> Material supplied:
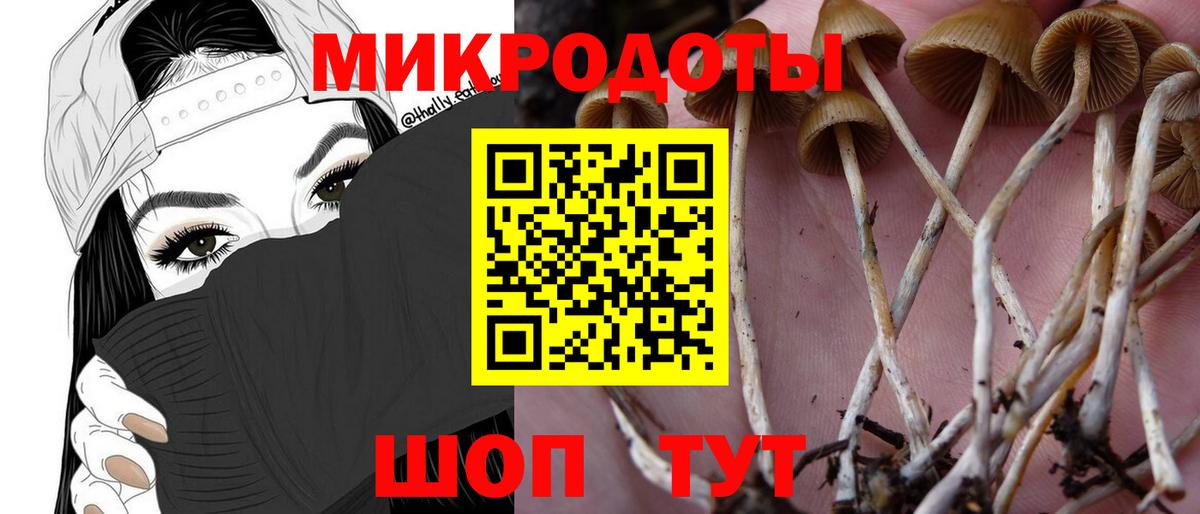 Псилоцибиновые грибы ЛСД Видное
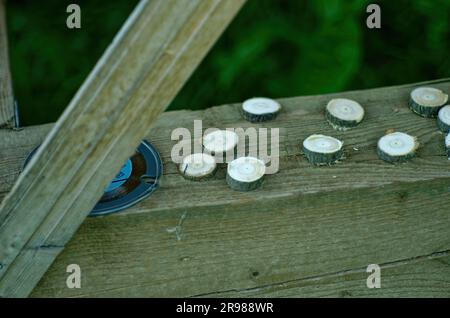 Preparazione di cerchi in legno per rune, irga Foto Stock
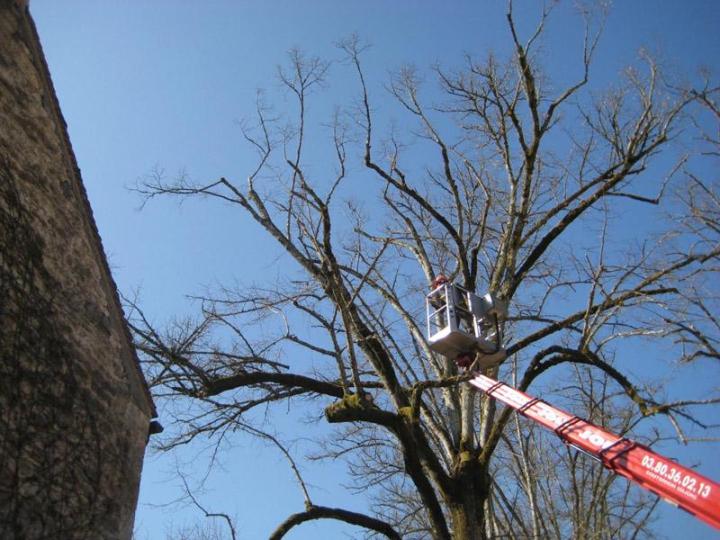 Élagage d'arbres Dijon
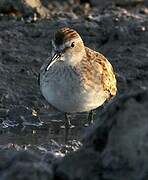 Least Sandpiper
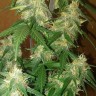 LSD feminised Ganja Seeds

> To do: Word for word, give the data above again, without any images.

> Exercise response:
 Псилоцибиновые грибы ЛСД Видное
 Preparazione di cerchi in legno per rune, irga Foto Stock
 Élagage d'arbres Dijon
 Least Sandpiper
 LSD feminised Ganja Seeds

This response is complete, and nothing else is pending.